November is a dangerous time of year for productivity. If you’re like me, you’ve got a few extra tabs open in your browser at any given moment: one for NOAA, another for your blogging ski-weatherman of choice, and maybe another for a favorite mountain.
With rumors flurrying last week about a few inches here or a foot there and with Killington’s trusty machinery as a fallback, I knew I’d be on snow come Saturday morning. The question was where.
For the first time since I learned to ski at age five, the season snuck up on me. I’m usually watching powder edits by mid-August and scraping off summer wax in early October, just in case. Fresh out of college and living in a new town with a job, though, I had other things on my mind this year. When temperatures started to dip toward the end of last month and pictures of dusted peaks began popping up online, I almost wasn’t ready.

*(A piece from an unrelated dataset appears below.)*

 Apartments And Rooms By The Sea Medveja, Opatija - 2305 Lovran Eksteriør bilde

Almost. On November 1, with my thermostat reading a steady 50 degrees, I had to cave and switch on the electric radiators in my apartment. At the turn of that dial, something snapped and the usual rush of preseason excitement hit me.
This time, though, it had less than two weeks to go from zero to full-throttle. Like clockwork, I pulled into the parking lot at Stowe Saturday morning to see snow guns blasting all over the mountain and skiers of all ages booting up alongside their cars. I’d never skied there before, but I immediately felt at home. That first step onto a few inches of snow, man-made or not, offers surer footing than any surrounding mud or ice.

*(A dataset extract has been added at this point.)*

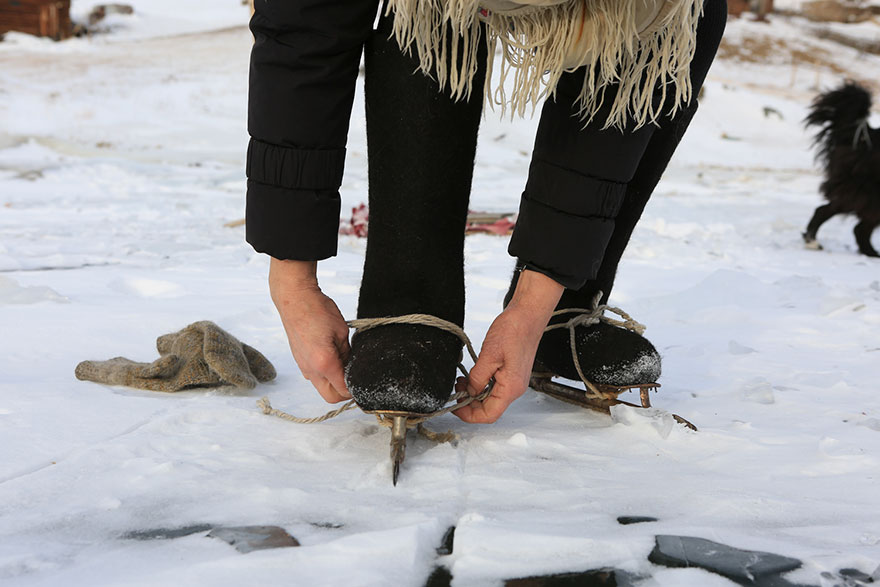 Đôi đế trượt được bố của bà tự tay làm ra, dùng để buộc vào đôi giày Valenki (một loại giày bốt truyền thống của Nga).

Ted and I chose Stowe for the natural snowfall totals we’d seen. We made it to the top in about two hours, the guns’ spray alternately refreshing us under midday sun and stinging our faces in the cooler, shaded areas. Mountain-ops employees waved and said hello as they made runs up and down, trying to decide whether to close the valves or let things keep cranking.
Most of the other skiers we saw didn’t climb as high as we did, and the few with whom we shared the summit lodge’s deck for lunch were friendly. The snowfall totals didn’t matter so much in the end since we chose to descend under the guns, where the coverage would be predictable.

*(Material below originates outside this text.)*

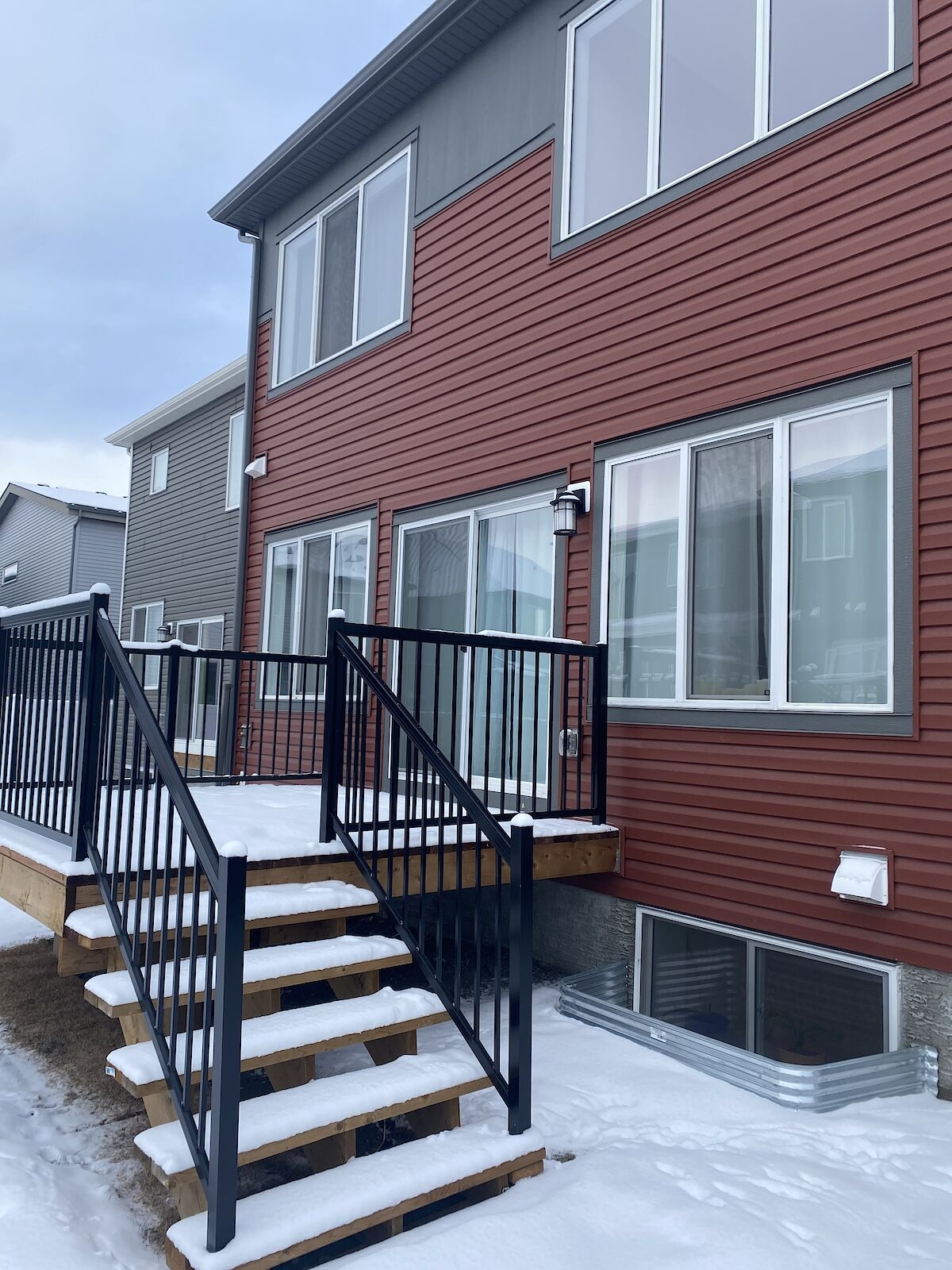 Walden main floor detached house for rent:  3+den  Stainless Steel Appliances, Tile Backsplash, Laminate Floors, Plush Carpet  (Listed 2026-11-01)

The snow was sticky, the kind that catches you off guard on early spring days, almost sending you forward over the handlebars when you hit a patch. The trails we skied were essentially cruisers, but we made short, technical turns the whole way down, savoring every inch of hard-earned vertical.
The weekend is in the rear-view mirror and reports are in from all over, including one of over 130cm in the Chic Chocs. We surely could have been served similar, if not better, snow at Killington, an hour closer to my apartment and with no real hiking required.
Still, part of the glory of the season’s first day comes with earning it, with putting in just a little more effort than makes sense on paper. I spent Saturday reaffirming my love for skiing, and given the same options, I’d do it again, the same exact way.